DATA FOR ANALYSIS —
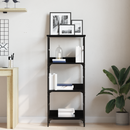 vidaXL Könyvespolc Fekete tölgy 50 x 33 x 117,5 cm Faanyag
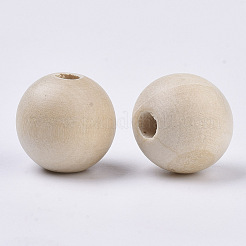 Perle di legno non finite naturali&nbsp;WOOD-Q038-16mm-A01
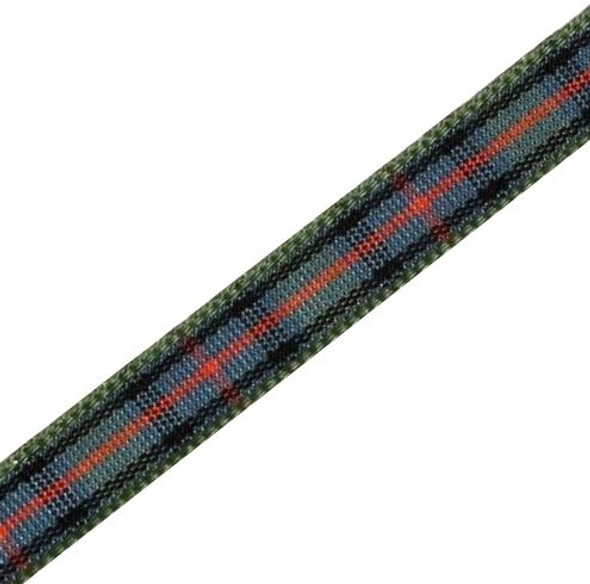 Flower Of Scotland Plaid Polyester Fabric Tartan Ribbon 7mm x 25 metres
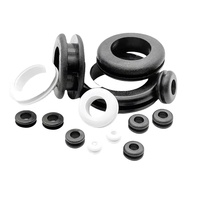 Grommet en caoutchouc silicone double face, protection industrielle, anti-poussière, ignifuge, noir et blanc, taille personnalisée, 60-80 Shore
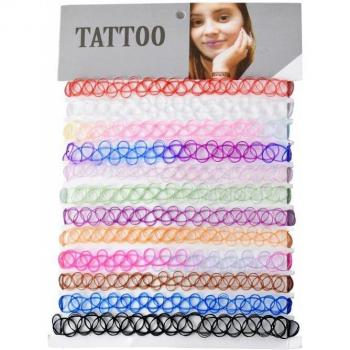 Collares Elásticos Góticos para Mujer y Niña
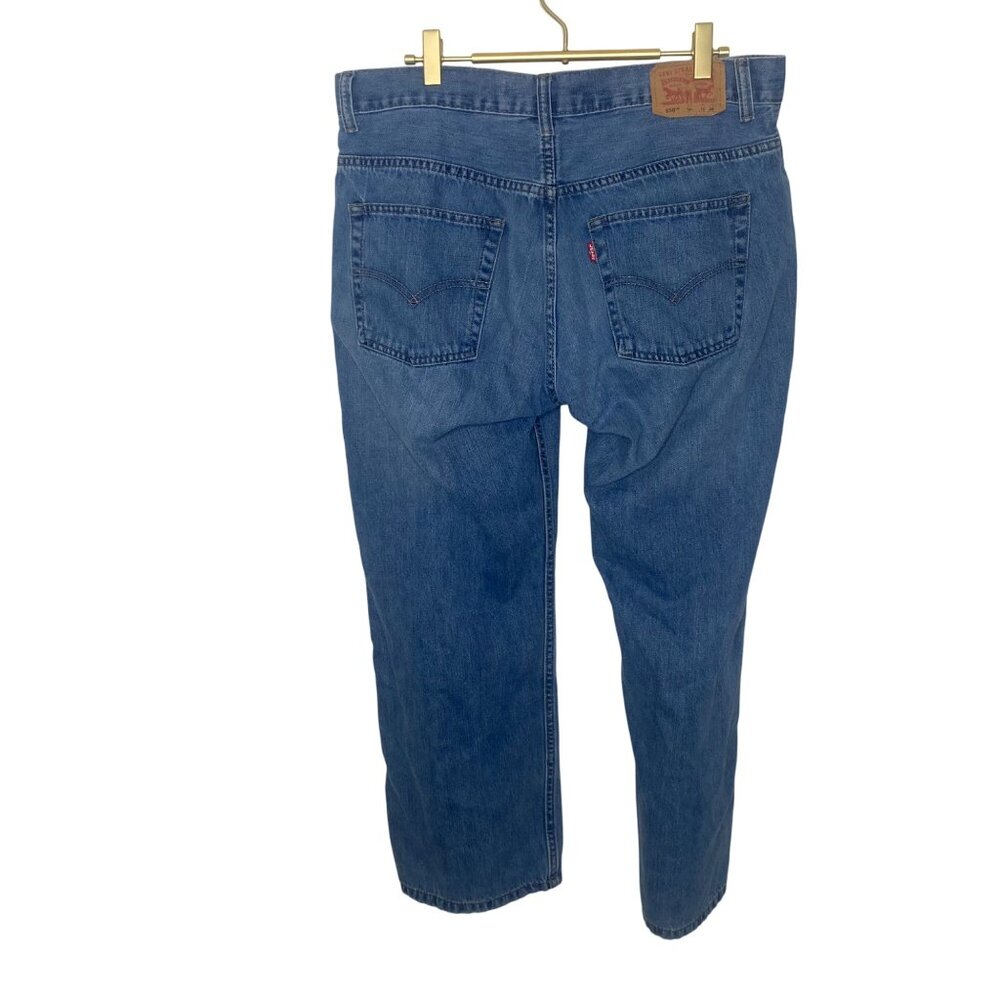 Levis 550 Relaxed Fit Jeans Mens 14H Huskey 33x28 Blue Denim Straight‎ Leg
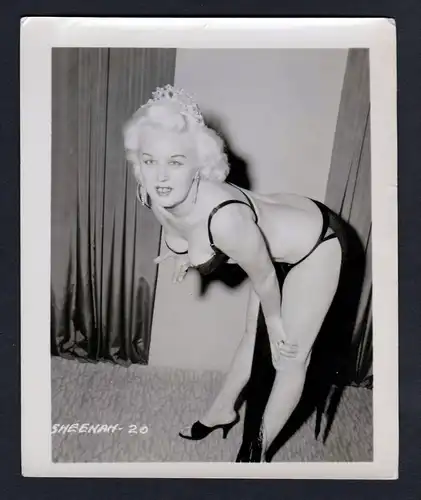 Unterwäsche Sheenah lingerie Erotik nude vintage Dessous pin up Foto photo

INSTRUCTIONS TO FOLLOW — All entries above are to be set down word for word, and the pictures are to be left out.

WRITTEN REPLY —
 vidaXL Könyvespolc Fekete tölgy 50 x 33 x 117,5 cm Faanyag
 Perle di legno non finite naturali&nbsp;WOOD-Q038-16mm-A01
 Flower Of Scotland Plaid Polyester Fabric Tartan Ribbon 7mm x 25 metres
 Grommet en caoutchouc silicone double face, protection industrielle, anti-poussière, ignifuge, noir et blanc, taille personnalisée, 60-80 Shore
 Collares Elásticos Góticos para Mujer y Niña
 Levis 550 Relaxed Fit Jeans Mens 14H Huskey 33x28 Blue Denim Straight‎ Leg
 Unterwäsche Sheenah lingerie Erotik nude vintage Dessous pin up Foto photo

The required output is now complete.